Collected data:

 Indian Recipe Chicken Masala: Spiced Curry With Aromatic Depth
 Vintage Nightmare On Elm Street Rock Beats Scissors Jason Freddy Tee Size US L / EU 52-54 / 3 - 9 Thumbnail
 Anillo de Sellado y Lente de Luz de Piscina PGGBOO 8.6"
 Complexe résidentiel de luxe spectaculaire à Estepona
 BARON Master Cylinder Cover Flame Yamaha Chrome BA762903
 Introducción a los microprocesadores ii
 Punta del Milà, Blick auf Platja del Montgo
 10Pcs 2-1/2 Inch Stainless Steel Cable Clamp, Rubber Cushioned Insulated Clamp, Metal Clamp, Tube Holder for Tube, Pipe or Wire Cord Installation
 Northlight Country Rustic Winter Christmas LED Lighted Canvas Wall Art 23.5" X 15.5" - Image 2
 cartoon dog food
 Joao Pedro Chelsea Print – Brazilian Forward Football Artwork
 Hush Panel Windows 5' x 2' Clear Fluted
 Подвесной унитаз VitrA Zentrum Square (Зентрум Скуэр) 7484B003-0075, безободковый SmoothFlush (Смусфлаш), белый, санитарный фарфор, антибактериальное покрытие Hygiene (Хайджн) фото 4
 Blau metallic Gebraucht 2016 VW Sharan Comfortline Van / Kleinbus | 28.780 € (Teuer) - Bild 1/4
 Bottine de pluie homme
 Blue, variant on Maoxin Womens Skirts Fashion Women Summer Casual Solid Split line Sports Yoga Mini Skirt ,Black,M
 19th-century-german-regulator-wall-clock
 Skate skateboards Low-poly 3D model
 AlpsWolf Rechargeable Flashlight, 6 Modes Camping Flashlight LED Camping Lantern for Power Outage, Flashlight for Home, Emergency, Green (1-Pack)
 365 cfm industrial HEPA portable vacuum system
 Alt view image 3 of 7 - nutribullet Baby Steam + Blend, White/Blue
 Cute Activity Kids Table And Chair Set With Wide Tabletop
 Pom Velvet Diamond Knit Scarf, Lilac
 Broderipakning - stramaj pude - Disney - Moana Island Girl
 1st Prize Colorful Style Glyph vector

- [Assignment] Match on "With": copy every line in the records that has it.

- [Expected answer]
 Indian Recipe Chicken Masala: Spiced Curry With Aromatic Depth
 Cute Activity Kids Table And Chair Set With Wide Tabletop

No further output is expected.